Exercise instructions — Could you print the stretch of lines below from the one with "YOHJI YAMAMOTO POUR" through the one with "ALU KOLA MERCEDES", exactly as they stand and without any pictures?

Source records —
-.-.-

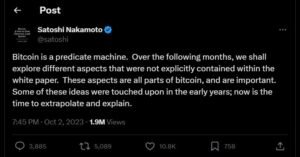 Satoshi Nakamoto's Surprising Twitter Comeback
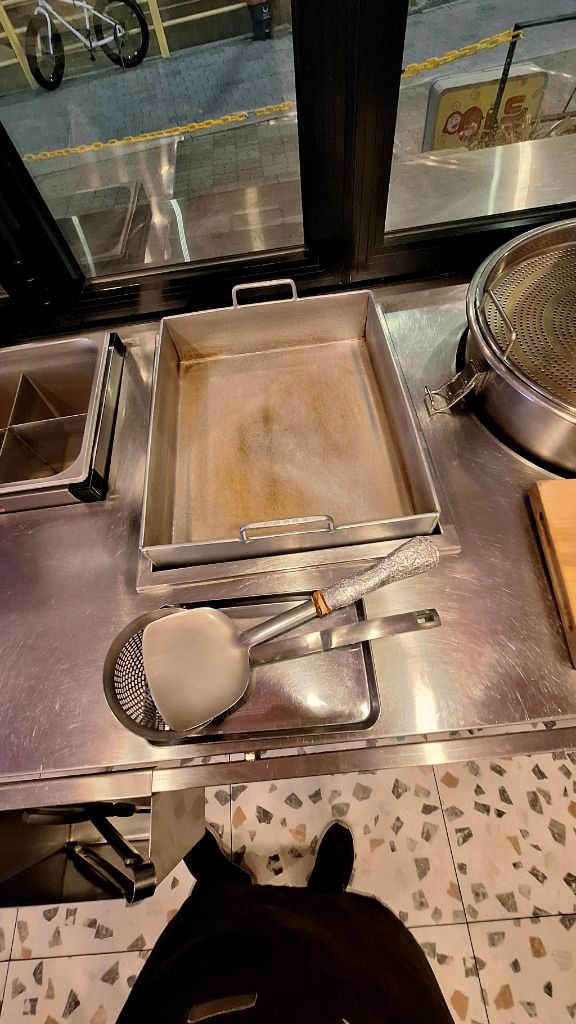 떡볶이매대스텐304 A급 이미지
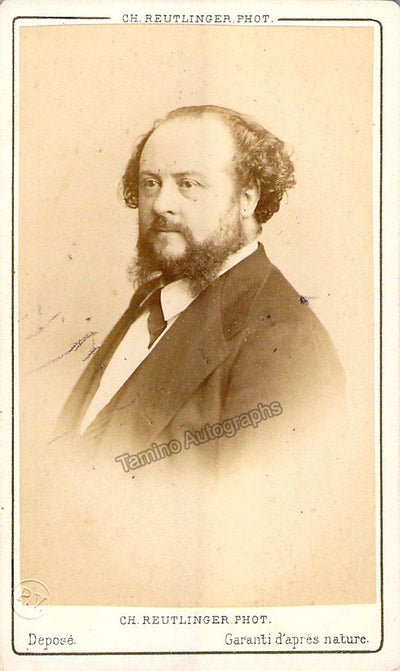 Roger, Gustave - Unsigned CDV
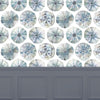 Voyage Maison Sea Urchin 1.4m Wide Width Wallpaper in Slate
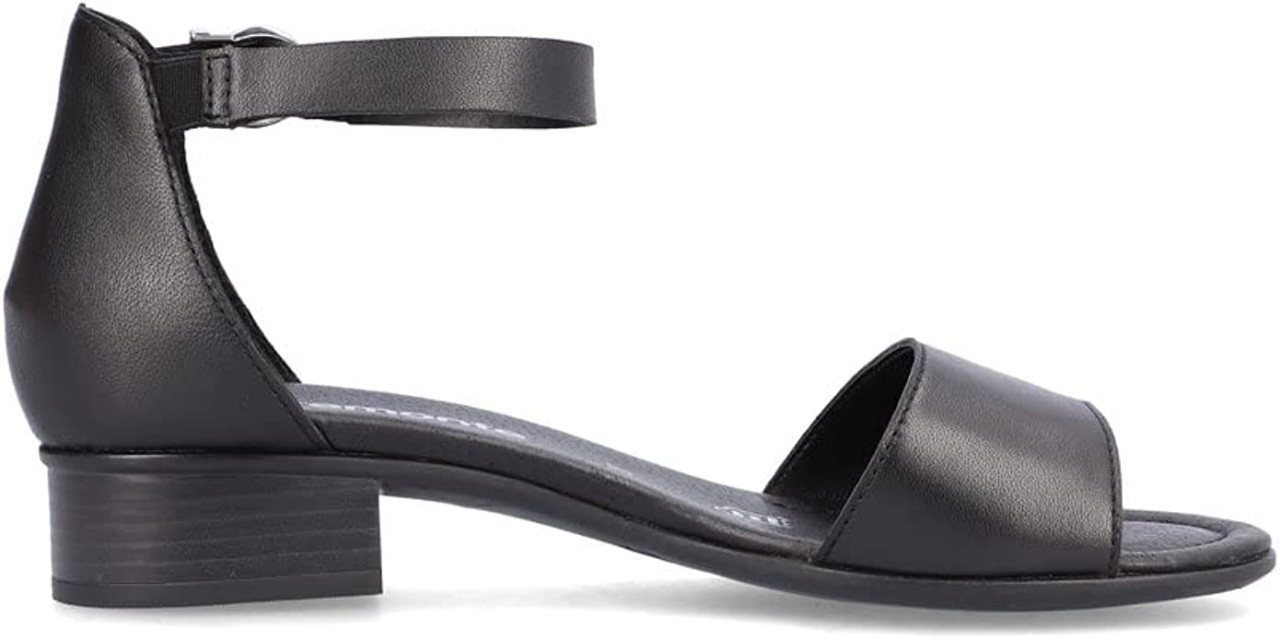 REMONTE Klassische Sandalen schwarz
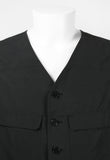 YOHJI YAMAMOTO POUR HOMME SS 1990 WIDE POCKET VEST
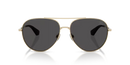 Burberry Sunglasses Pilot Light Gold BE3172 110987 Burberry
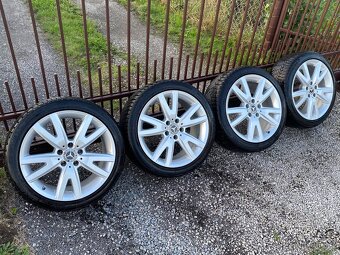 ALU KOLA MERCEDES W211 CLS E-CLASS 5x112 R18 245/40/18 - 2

-.-.-

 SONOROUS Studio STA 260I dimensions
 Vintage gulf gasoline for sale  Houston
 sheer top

-.-.-

Solution for this problem —
 YOHJI YAMAMOTO POUR HOMME SS 1990 WIDE POCKET VEST
 Burberry Sunglasses Pilot Light Gold BE3172 110987 Burberry
 ALU KOLA MERCEDES W211 CLS E-CLASS 5x112 R18 245/40/18 - 2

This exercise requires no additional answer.